Since the proposal of the BB84 protocol [5] for quantum key distribution (QKD), numerous theoretical research efforts and experimental simulations have been conducted in the field of quantum information processing for secure communication between remote parties [6,7,8]. Subsequently, several notable QKD protocols have been introduced, such as E91 [9], which is based on quantum entanglement, and B92 [10], which employs two nonorthogonal quantum states. Additionally, other quantum cryptographic schemes based on previous work have been suggested, using bright entangled beams [11] or squeezed states [12]. In recent studies, the high-dimensional, high-speed QKD protocol is one of the current research foci [13,14,15], which could achieve a high communication rate over a long transmission distance. Also, the asynchronous measurement-device-independent quantum key distribution (asynchronous-MDIQKD) [16] protocol was presented through time multiplexing. Even further applied in e-commerce scenarios by proposing an efficient quantum e-commerce scheme [17], this presents a promising solution for providing information-theoretic security for e-commerce.

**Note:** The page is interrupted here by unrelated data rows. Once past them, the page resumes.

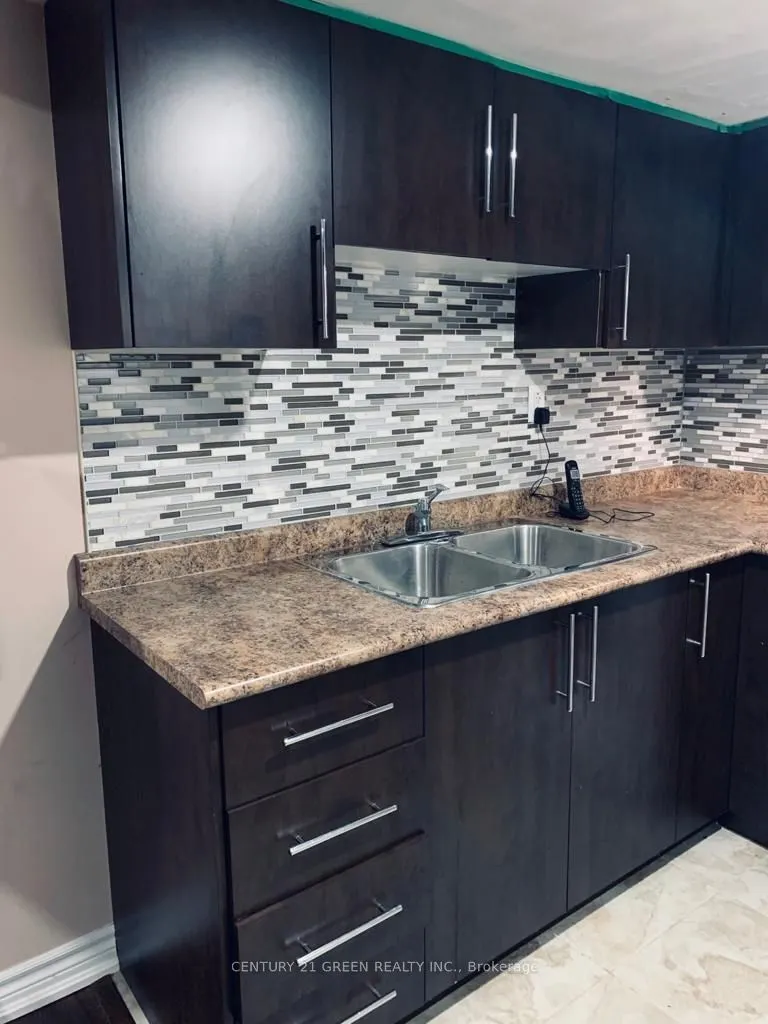 3249 Ridgeleigh Heights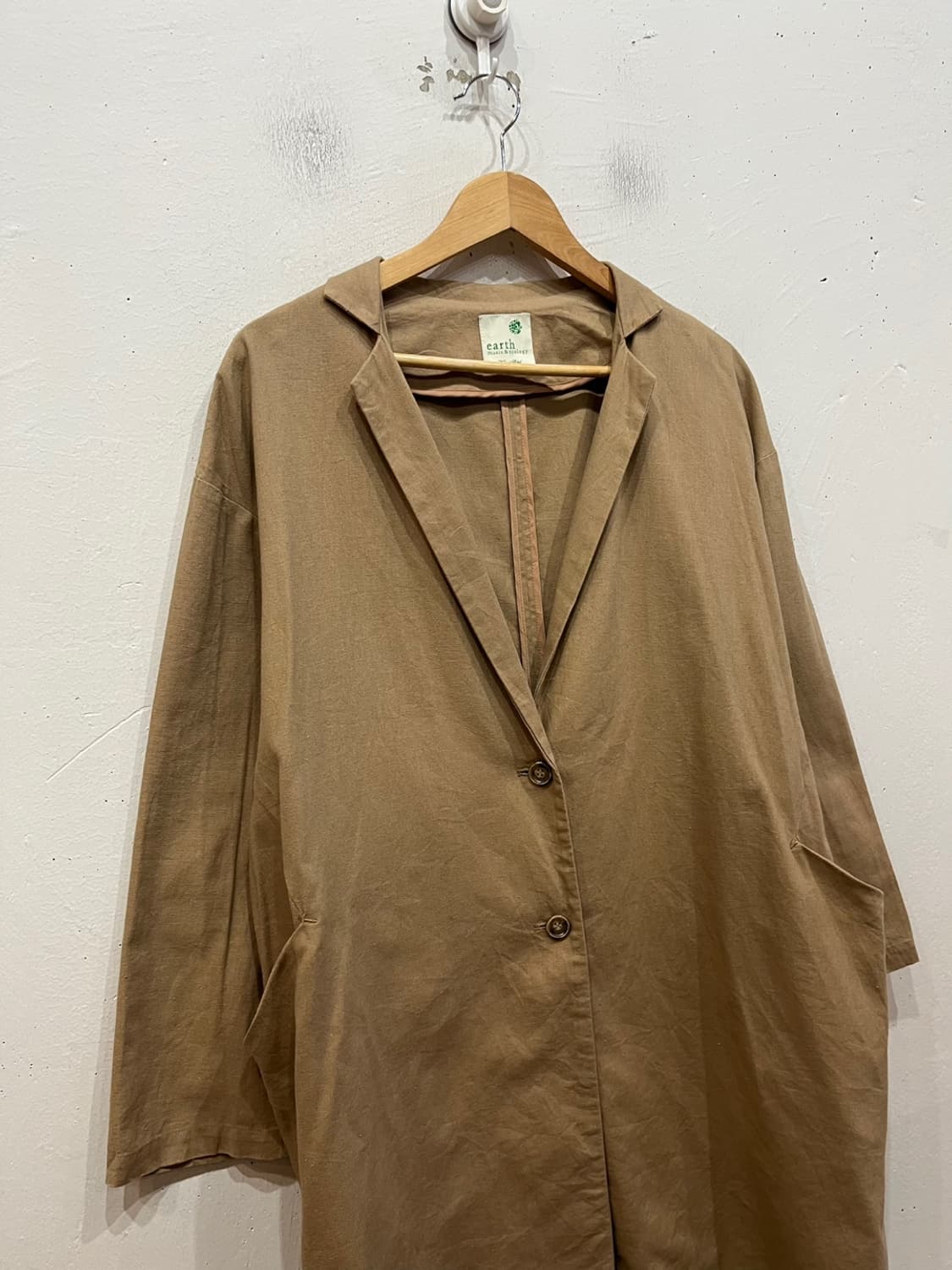어스뮤직 JPN 네추럴라벨 린넨 블렌드 롱자켓 상품이미지2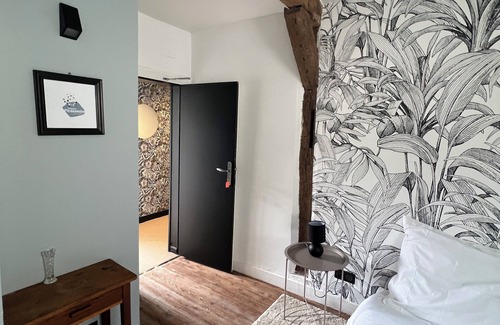 Chartres House | CHAMBRE PICASSIETTE - 1 WITH DINING AREA-BILLARD-BABYFOOT-TERRACE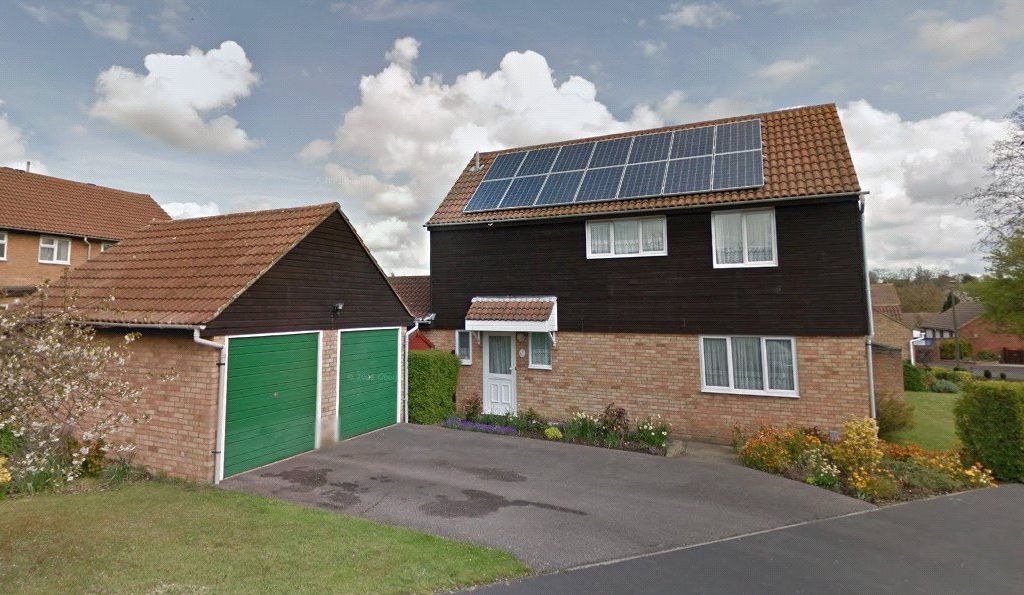 4 bed detached house for sale in Douglas Road, Bedford, Bedfordshire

Building upon the research on the chained Zeno effect [18], Salih, Li, Alamri, and Zubairy introduced the SLAZ protocol, in which the information could be directly exchanged between Alice and Bob with no physical particles traveling in the transmission channel, thus achieving complete counterfactual measurement [19]. This protocol is demonstrated using equivalent Mach–Zehnder interferometers (MZIs), where the switch’s performance as a logic gate on one of the interconnected MZI arms is deduced from measurements of two outputs. Importantly, this measurement is, in principle, interaction-free [20], as any photons in the transmission channel will not be detected due to destructive interference. The earlier quantum mechanical protocol of interaction-free measurement (IFM) was demonstrated using down-conversion photon pairs in a Michelson interferometer [21], achieving an experimental efficiency of nearly 50%. Subsequently, a polarization-based Mach–Zehnder interferometer structure was considered for semitransparent objects, showing that +the IFM detection efficiency can approach 1 when system losses are negligible [22]. Building on IFM and the quantum Zeno effect [23], a completely different scheme for implementing key distribution was proposed by Noh (N09) based on counterfactual quantum cryptography (CQC) [24]. This scheme offers the possibility, in principle, of transmitting secret information without actually sending a particle through the quantum communication channel. In contrast to the traditional quantum key distribution (QKD) method, G. C. Guo et al. proved the unconditional security of the CQC protocol by employing a perfect single-photon source with well-controlled single-photon detectors in an ideal case [25]. Then, quantum secure direct communication (QSDC) attracts much attention for enabling secure transmission of messages without prior key encryption [26,27], G. L. Long and Y. B. Sheng et al. propose a one-step QSDC protocol that could provide unconditionally secure communication over arbitrarily long distances [28,29]. The first proof-in-principal demonstration of CQC was conducted in experiments, with no information carriers passing through the quantum channel [30]. Additionally, utilizing the quantum Zeno effect, the concept of IFM based on an unstable many-particle system was also proposed in ultracold atoms [31], single-atom experiments [32], and electron measurements [33].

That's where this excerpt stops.